It is proven that FDG PET/CT is able to accurately detect active sites of GPA, including patients in whom other diagnostic markers have been inconclusive. Multiorgan involvement is often seen on PET/CT in patients with relapsing disease. Overall, functional PET imaging is a sensitive tool to establish disease distribution and guide diagnostic biopsies in GPA.[5] The classic triad of organ involvement consists of lungs in 95% of cases, upper respiratory tract/sinuses in 75%–90%, and kidneys in 80%.

In terms of extent, GPA can be classified as:

  • Classical: Full triad
  • Limited: Not having the full triad [6]
  • Widespread: Additional organ involvement (skin [50%], eyes [45%,] peripheral nervous system (35%), and occasionally other organs as the heart and gastrointestinal tract).[7]


In our case, CT showed evidence of classical GPA with involvement of lungs, upper respiratory tract/sinuses, and kidneys. On FDG PET/CT, however, there is prostatic, splenic, and BM in addition to classical triad, upgrading the case from classical to widespread GPA.

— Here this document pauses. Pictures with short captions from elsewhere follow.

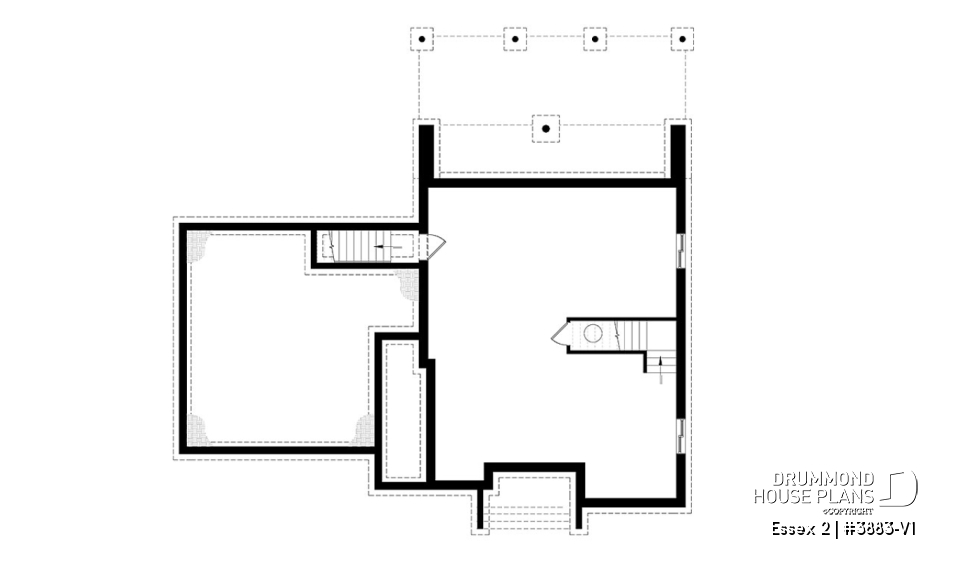 Basement - 3 to 4 bedroom Cube Shaped house plan, home office, lots of natural lights, 2-car garage, unfinished basement - Essex 2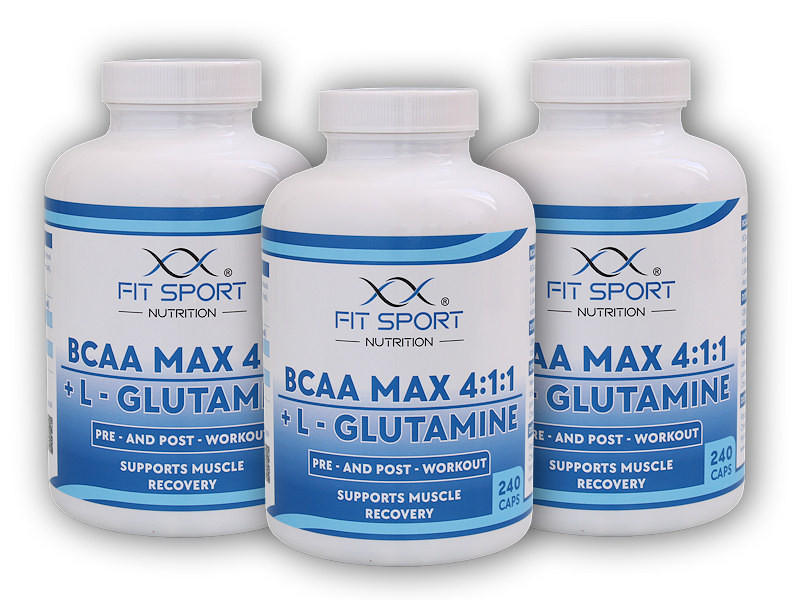 FitSport Nutrition 3x BCAA MAX 4:1:1 + L-Glutamine 240 kapslí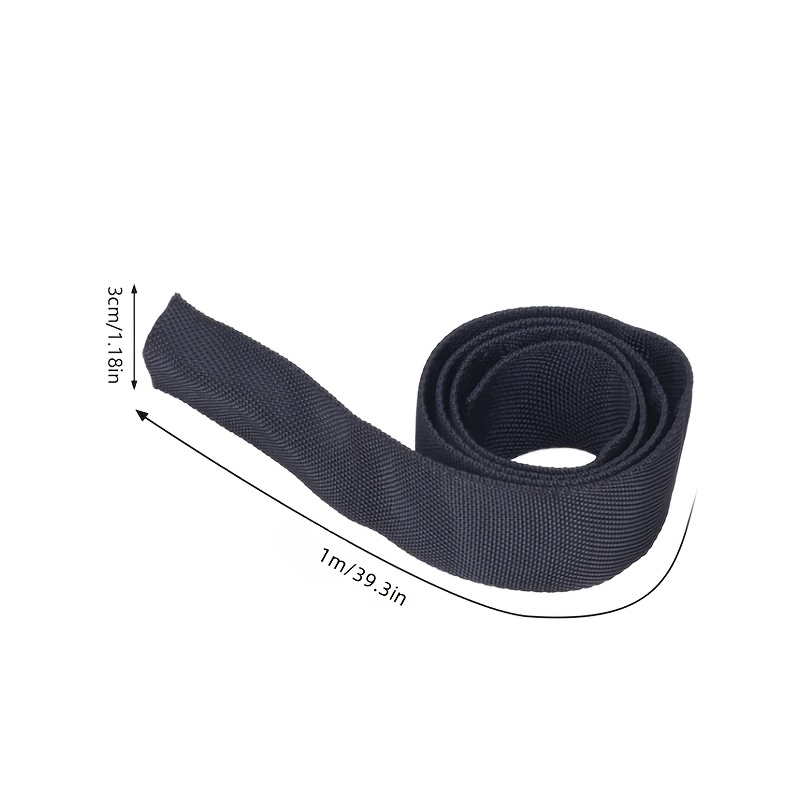 Winch Rope Protector Polyester Winch Rope Protective Sleeve Black Universal For 3cm/5cm Width Cable Line(1m And 2m)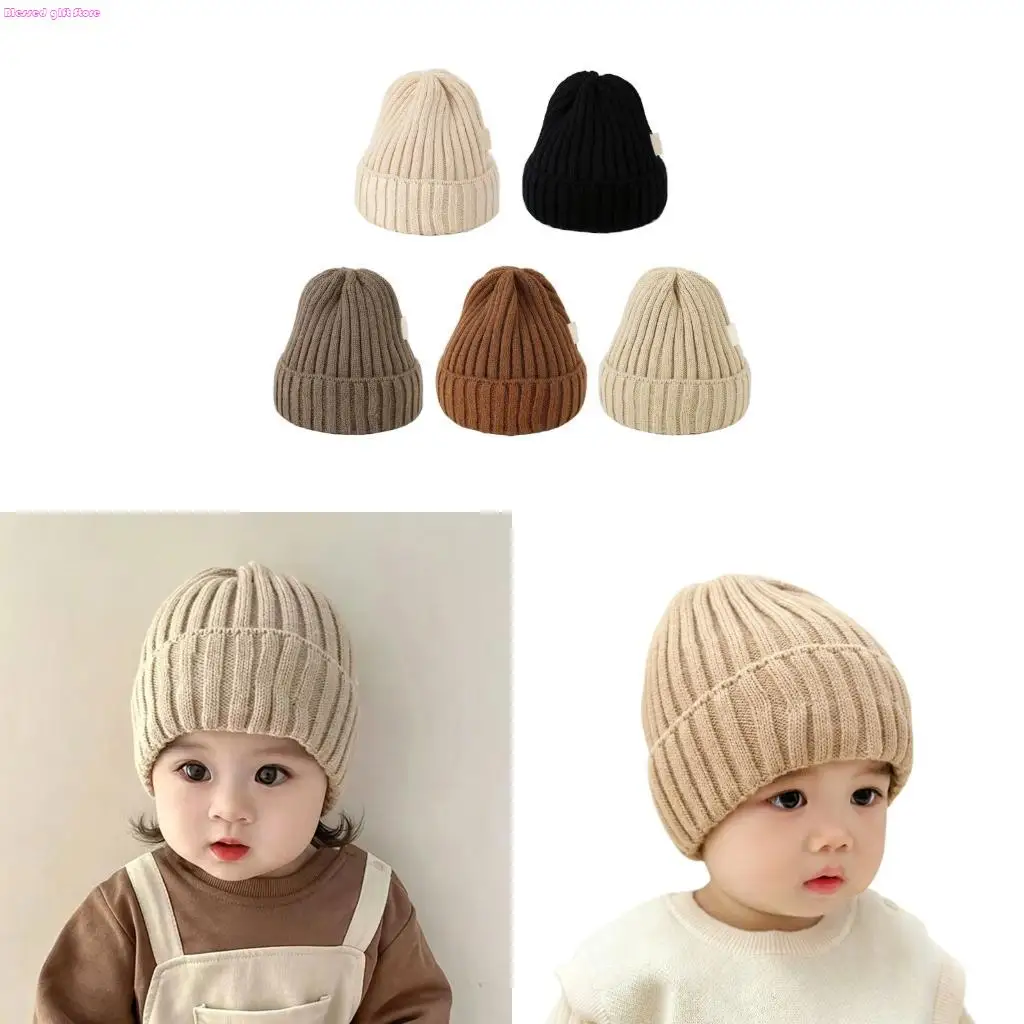 D0JC Children's Bonnet Autumn Winter Knitted Hats Boys Girls Warm Beanie Windproof Ear Protectors Infants Pullover Hats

The role of 18F-FDG PET/CT to detect lesions in GPA has been published in several previous case reports.[2],[3] However, to our knowledge, this is the second reported 18F-FDG PET/CT case showing widespread GPA. The first case reported by Almuhaideb et al. showed FDG-avid right maxillary sinus/nasal cavity, right parotid, mediastinum, lungs, and prostate lesions,[4] compared to our case which showed FDG-avid involvement in lungs, upper respiratory tract/sinuses, kidneys, prostate, spleen, BM, and possibly pericardium. Although the brain and kidney lesions are not easy to be detected on FDG PET/CT, it is reported that renal cortical involvement can be depicted [8] as in our case.

In the current case, prostatic involvement was detected only on FDG PET/CT without concurrent CT or clinical evidence. Stillwell et al. reported that symptomatic granulomatous prostatitis is not common in GPA and only reported in 2% of cases.[9] The incidence of antemortem splenic involvement in GPA is very low. This is mostly due to asymptomatic nature in majority of the cases.[10] As in the current case, the spleen showed abnormally diffuse hypermetabolism with no corresponding CT changes and no related symptoms.

We detected diffuse BM FDG uptake in axial skeleton, concordant with Nelson et al., who found diffuse BM and spleen uptake in 1/8 cases with GPA alone and 1/4 cases with concurrent malignancy.[11] In terms of GPA extent, our case can be classified as widespread GPA, based on FDG PET/CT findings, showing additional occult areas of disease activity in spleen and prostate with no related or corresponding radiological or clinical evidence.

Thus, this case report highlights the utility of 18F-FDG PET/CT for the assessment of disease extent in GPA and upgrading the disease from classic triad based on clinical and CT findings to rare form of widespread disease by detecting metabolically active occult areas of disease activity.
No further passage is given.